I spent much of my early career working on city fringe projects in deprived communities so I arrived with a set of preconceptions that proved to be 100% wrong. Firstly, like Gothenburg, Oslo’s failing estates have to be viewed from the starting point of the social and tax infrastructure of the country. Even in areas of market failure home ownership is higher than 80% and a significant proportion of the apartment blocks we saw were under renovation, not by the state but by the owner co-operatives that manage them.
Clearly there were problems and challenges in these areas, but there was evidence of well directed and resourced responses to everything from gang culture and crime reduction to kindergarten provision to assist working parents, and the creation of meeting places that are valued by residents. To put the scale of the interventions into perspective the annual budget for the community intervention project was greater than the combined capital and revenue budgets of some English district councils.
What were my key learning points?
That highway improvements being undertaken in parallel with public transport investment (rather than as an alternative) can achieve modal shift, whilst ensuring that private drivers directly fund a proportional part of the investment. The target is to move from 31% to 61% public transport market share – currently on target.
That incentivising urban ecology in new development works (within the context of the Norwegian economy) when it is backed up with serious penalties for failing to meet agreed goals. Oslo uses fines and claw back at twice the level of any grant offered if a goal is not achieved.
The level of population growth coupled with national taxation and housing policy is driving an increased urban density which is bringing with it growth in small business and business innovation through the creation of private sector led new mixed use areas. With 3% unemployment and a predicted 50% increase in the older population, experience appears to be highly valued and people are being encouraged to stay in employment to fuel this growth rather than to plug a pension gap.
Norway (and Sweden) have virtually no social housing. Almost everyone owns their own home, often as part of housing co-operative. State ‘housing’ benefits go to the individual allowing them to generate equity in their property and tax laws incentivise and support property purchase. It seems that it is therefore possible for almost anyone to join the property ladder if they wish to do so.
That, when looking at Norway it is important to keep in mind that the county, unlike the UK, has managed and invested its North Sea oil revenues to create a significant legacy of funding. Coupled with social policy and taxation this has created a society with relatively small pay differentials and a completely different housing structure that actively encourages ownership as a means of encouraging social responsibility. 80% of residents say Oslo is a good city to live in – so it seems to be working.

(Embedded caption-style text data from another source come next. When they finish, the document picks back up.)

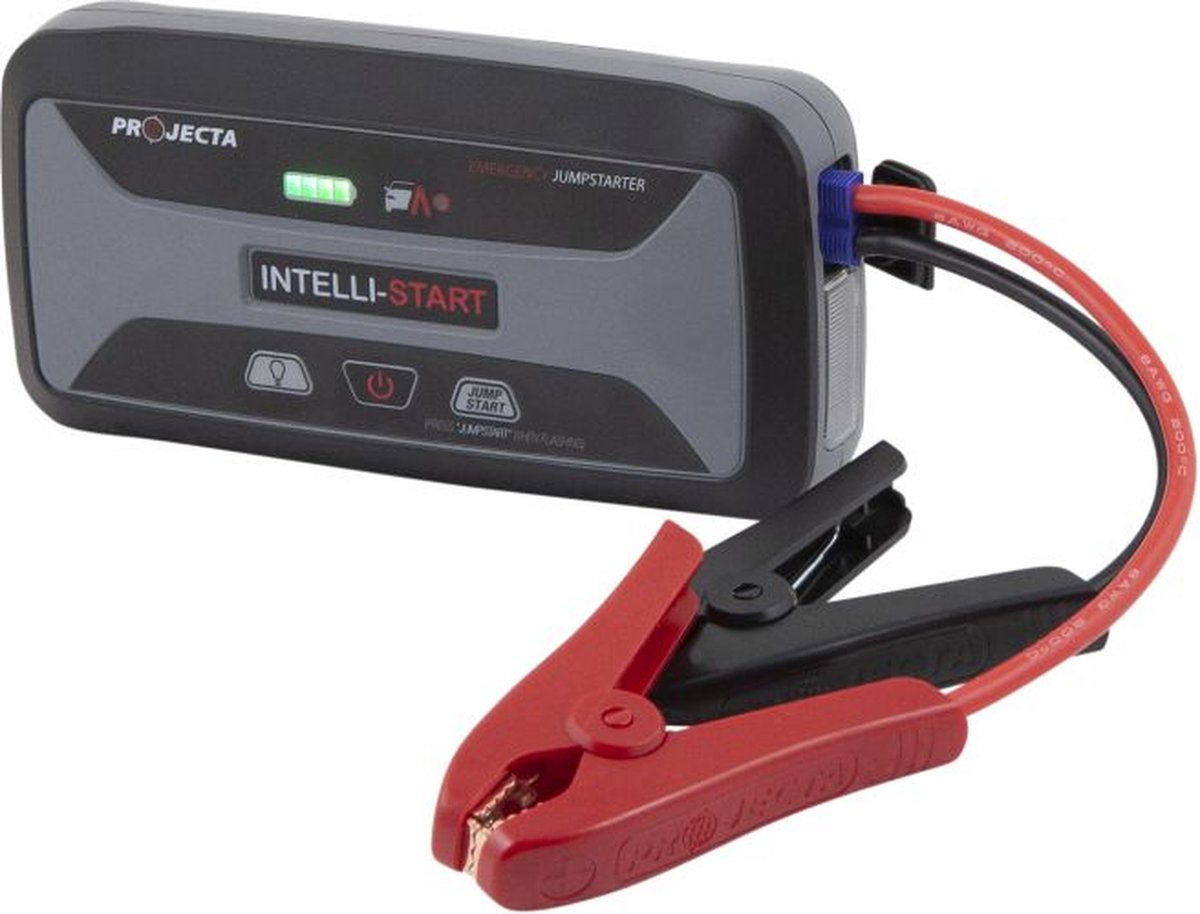 De Projecta IS1220 Startbooster in één oogopslag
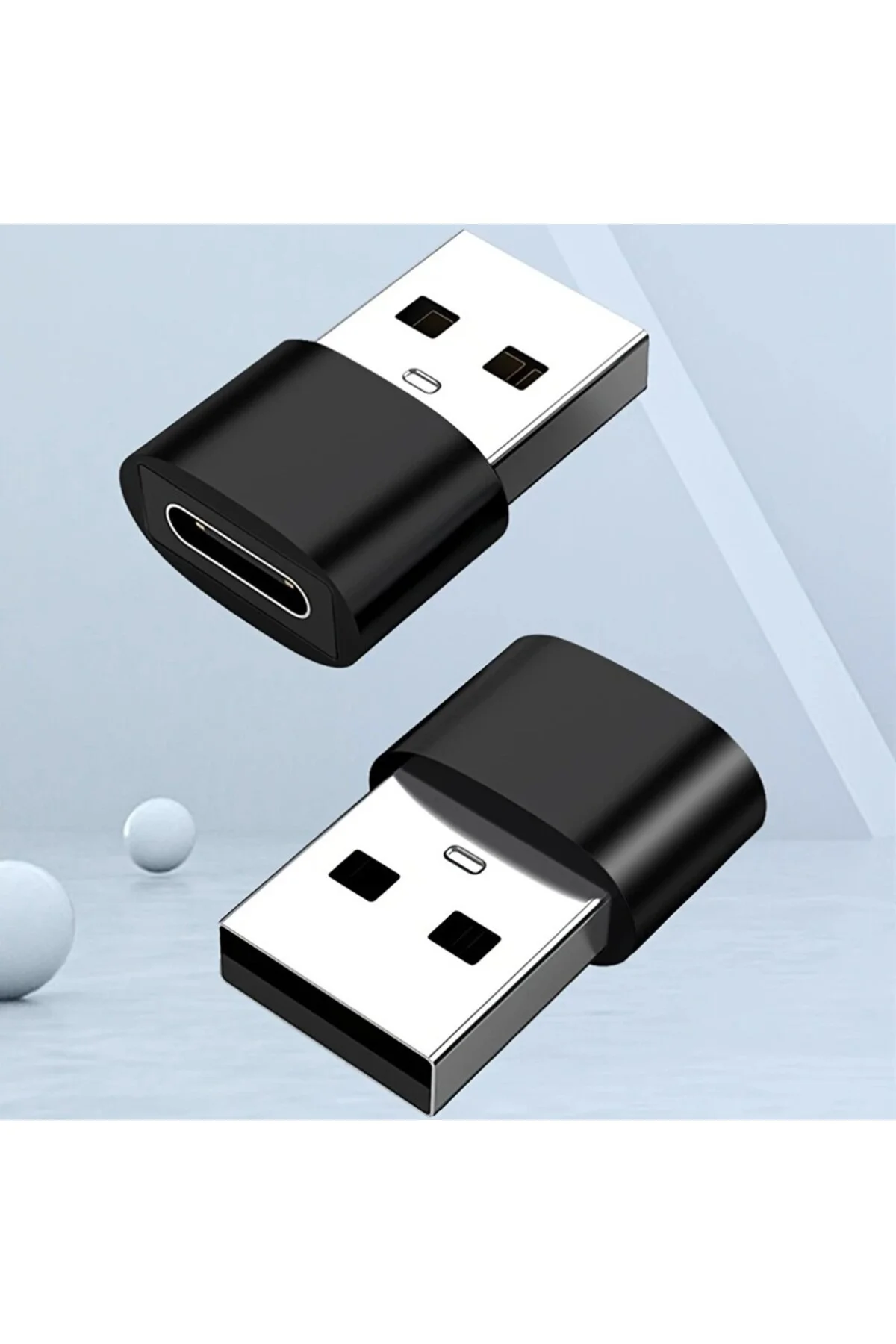 Usb To Type-c Adaptörü Airpods Pro 2, Apple iPhone Uyumlu  15 14 13 12 Max, İpad 10 Air 4 5 Mini S23 Otg Başlık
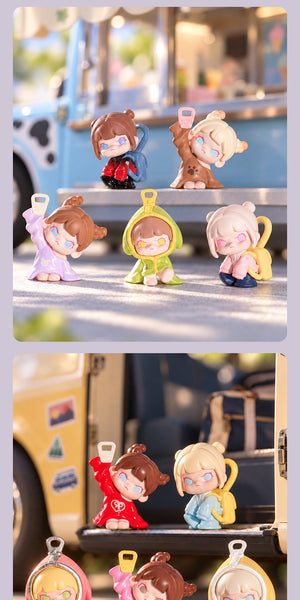 DORA chill daily mili Series Beans Blind Bag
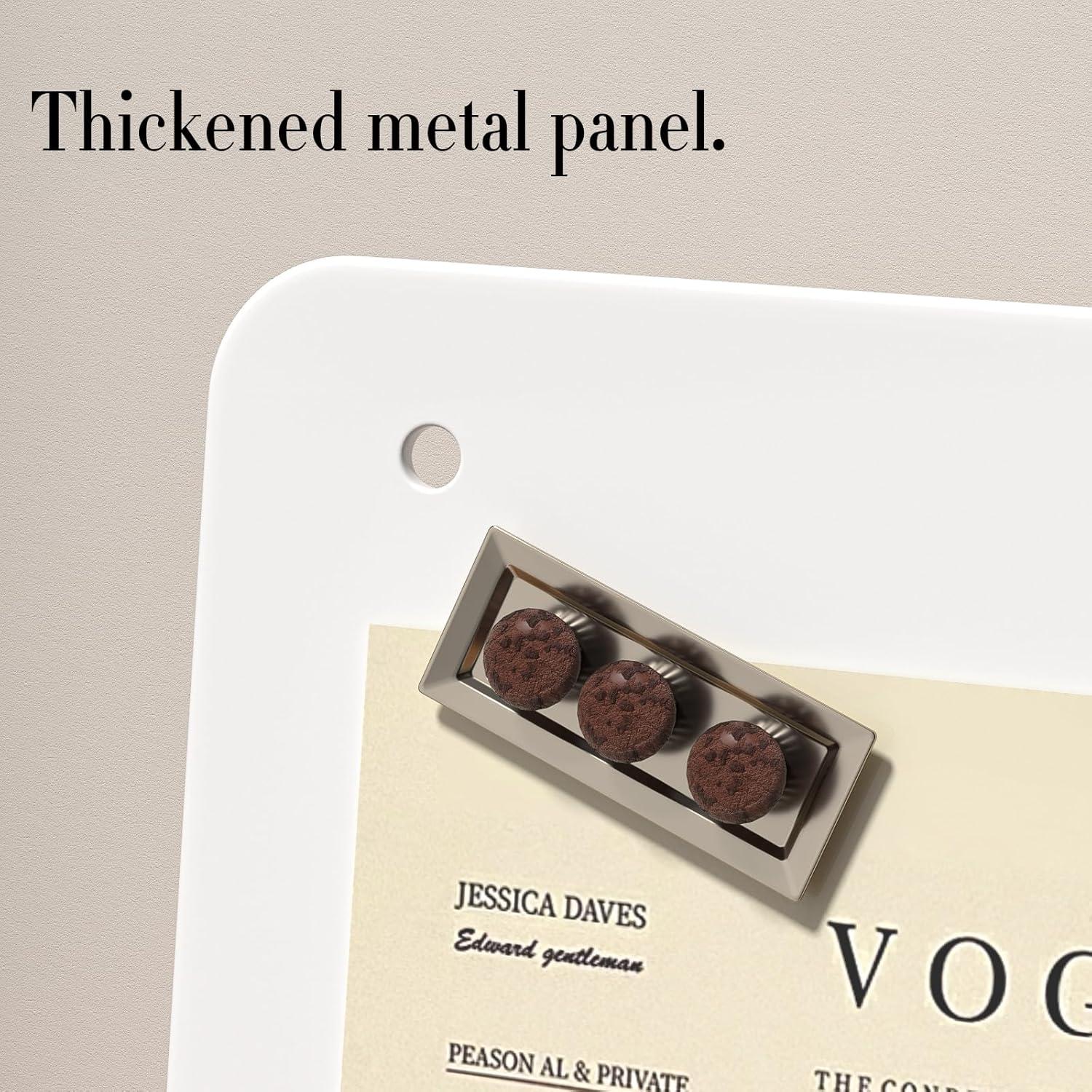 Tablero Magnético Extra Grande FANXIYQ Blanco 29x44.5cm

My final comment is to thank all of our hosts and presenters and to say how much I enjoyed being part of such an experienced team, they certainly kept me on my toes with interesting discussion, challenge and observation from breakfast to bedtime throughout the whole visit.
The Academy team members were; Chris Balch Lead Assessor, Professor of Planning University of Plymouth, Kevin Murray AoU Chairman, Kevin Murray Associates, Roger Evans Managing Director Studio Real, Jinty Balch Director Savills, Ann Wallis Director Culture Partners, Ian Todd Managing Director Studio Todd, Jas Atwal, Jas Atwal Associates, Nick Corbett Director Transforming Cities, Michele Grant, Director Blue Sail, Linda Gledstone, Academy of Urbanism, Russell Wallis, Director Globe Consultants.
The choice of the European City of The Year 2011 will be decided by a ballot of all Academicians and announced at the Academy’s Awards Events in November 2011.